La maladie parodontale, également appelée parodontite ou déchaussement des dents, est une maladie infectieuse et inflammatoire qui détruit progressivement les tissus de soutien des dents : la gencive, le ligament parodontal et l’os alvéolaire.
Sans traitement, elle peut entraîner une mobilité dentaire, puis la perte des dents, même lorsque celles-ci ne présentent aucune carie.
Quelles sont les causes du déchaussement des dents ?
La principale cause de la maladie parodontale est l’accumulation de bactéries présentes dans la plaque dentaire et le tartre.
Lorsque ces bactéries ne sont pas éliminées efficacement, elles provoquent une inflammation de la gencive. Cette inflammation entraîne la formation de poches parodontales entre la dent et la gencive, créant un environnement favorable au développement de bactéries encore plus agressives.
Un véritable cercle vicieux s’installe alors :
- Accumulation de bactéries
- Inflammation de la gencive
- Formation de poches parodontales
- Développement de nouvelles bactéries
- Destruction progressive de l’os et des tissus de soutien
La maladie évolue souvent lentement et sans douleur pendant plusieurs années. C’est pourquoi un diagnostic précoce est essentiel pour préserver les dents et les tissus de soutien.
Quels sont les symptômes de la maladie parodontale ?
Les signes d’alerte les plus fréquents sont :
- Saignements des gencives lors du brossage ou spontanés
- Gencives rouges, gonflées ou sensibles
- Mauvaise haleine persistante (halitose)
- Rétraction de la gencive donnant l’impression que les dents s’allongent
- Sensibilité des racines dentaires exposées
- Formation d’abcès ou d’infections récurrentes
- Mobilité des dents
- Déplacement progressif des dents
- Perte spontanée de dents dans les formes avancées
Si vous présentez l’un de ces symptômes, une consultation parodontale est recommandée afin d’évaluer l’état de vos gencives et de votre os de soutien.
Comment traiter une maladie parodontale ?
Le traitement vise à éliminer les bactéries responsables de l’infection et à stopper la progression de la maladie.
La réussite du traitement repose en grande partie sur l’implication du patient et l’adoption de bonnes habitudes d’hygiène bucco-dentaire.
Pour contrôler durablement la maladie parodontale, il est indispensable de :
- Se brosser les dents quotidiennement avec une brosse à dents électrique et une technique adaptée
- Nettoyer les espaces interdentaires à l’aide de brossettes, de fil dentaire ou d’autres dispositifs recommandés par votre praticien
- Respecter les conseils personnalisés donnés lors des séances de suivi
- Arrêter le tabac, facteur majeur d’aggravation des maladies parodontales
Des bains de bouche peuvent être prescrits temporairement dans certaines situations.
Le traitement préventif : le détartrage
Le détartrage permet d’éliminer les dépôts de tartre visibles au-dessus de la gencive.
Même en l’absence de symptômes, il est recommandé de réaliser un détartrage régulier, généralement une à deux fois par an selon votre risque parodontal.
Le traitement curatif : le surfaçage radiculaire
Lorsque la maladie est déjà installée, un simple détartrage n’est généralement pas suffisant.

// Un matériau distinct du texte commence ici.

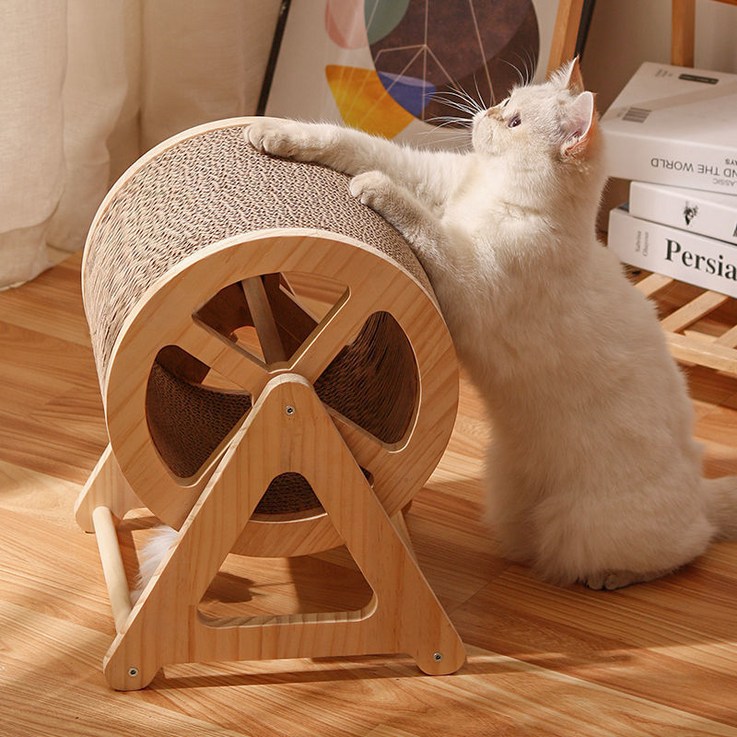 고양이 캣휠 캣워크 런닝머신 실내 운동훈련 고양이 헬스기구 런캣 - 쇼핑앤샵
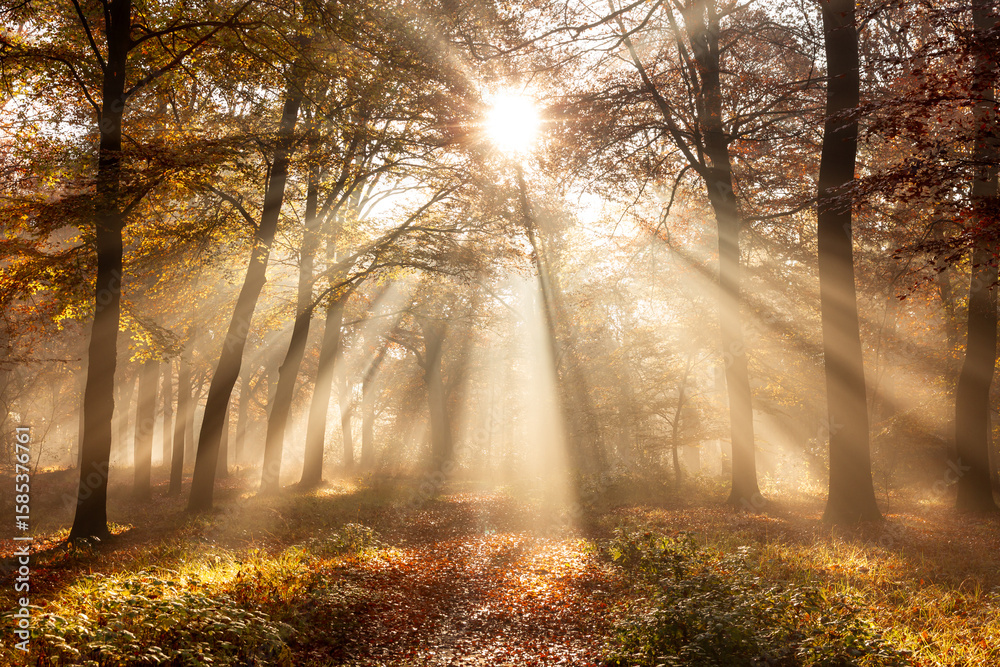 Fototapeta premium Sunlight filtering through tall trees in an autumn forest, casting warm rays over a leaf-covered footpath.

Le traitement de référence est alors le surfaçage radiculaire, qui consiste à nettoyer en profondeur les racines dentaires et les poches parodontales afin d’éliminer le tartre et les bactéries situés sous la gencive.
Ce traitement permet :
- De réduire l’inflammation
- De diminuer les saignements
- De favoriser la cicatrisation des tissus
- De ralentir ou stopper la destruction osseuse
- De préserver les dents sur le long terme
Dans certains cas plus avancés, des traitements chirurgicaux parodontaux peuvent être envisagés afin d’améliorer l’accès au nettoyage ou de reconstruire les tissus détruits.

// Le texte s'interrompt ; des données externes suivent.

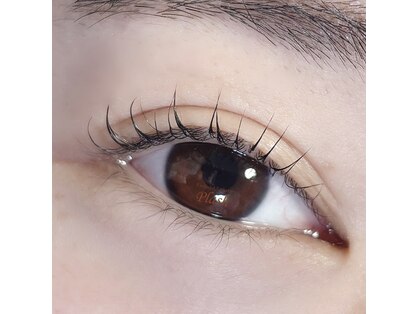 プラッシュ(Plash)の写真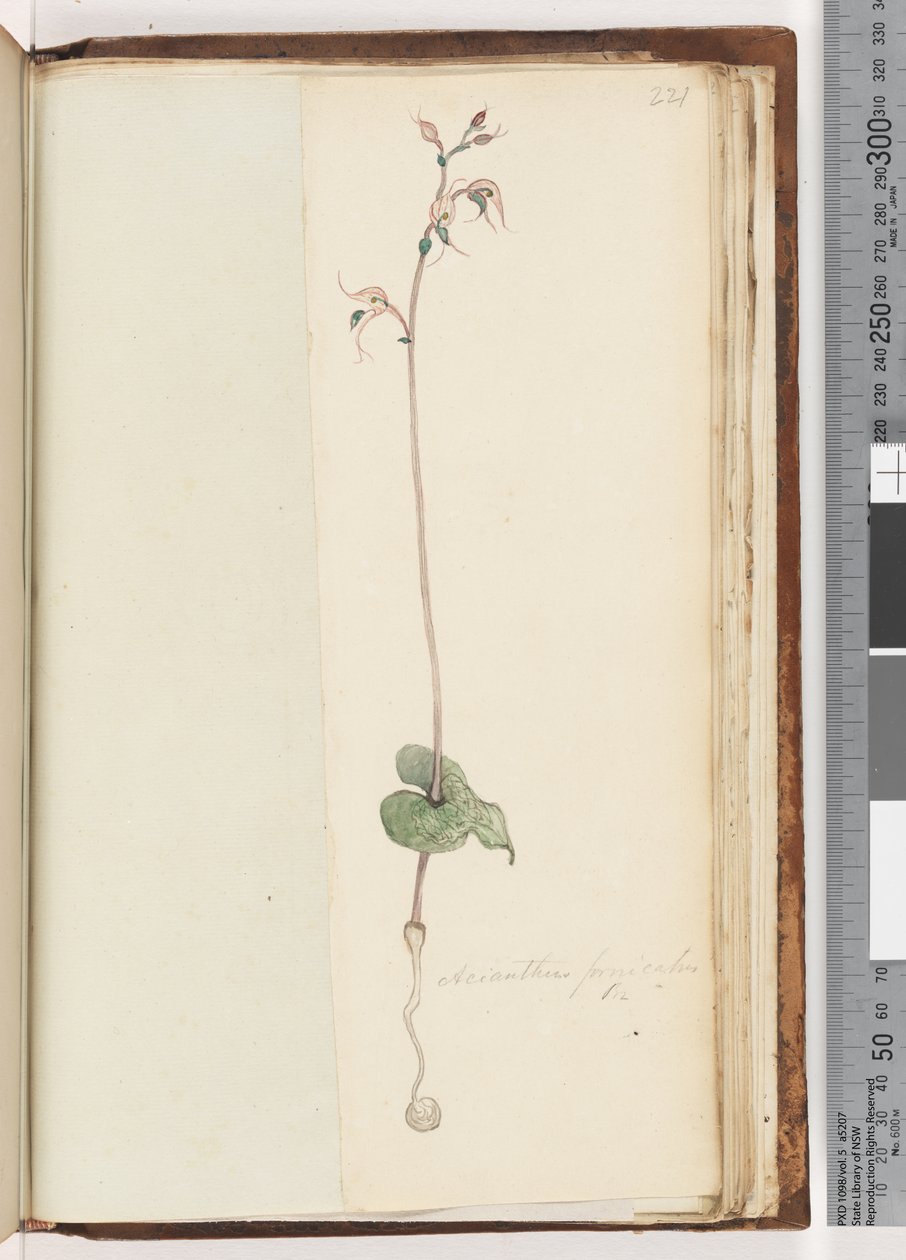 Página 221. Acianthus fornicatus Br, Pixie caps de Unknown artist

Pourquoi consulter rapidement ?
La maladie parodontale est l’une des principales causes de perte des dents chez l’adulte. Plus elle est diagnostiquée tôt, plus les traitements sont simples et efficaces.
Une prise en charge précoce permet de préserver vos dents naturelles, de retrouver des gencives saines et de limiter les traitements plus lourds à l’avenir.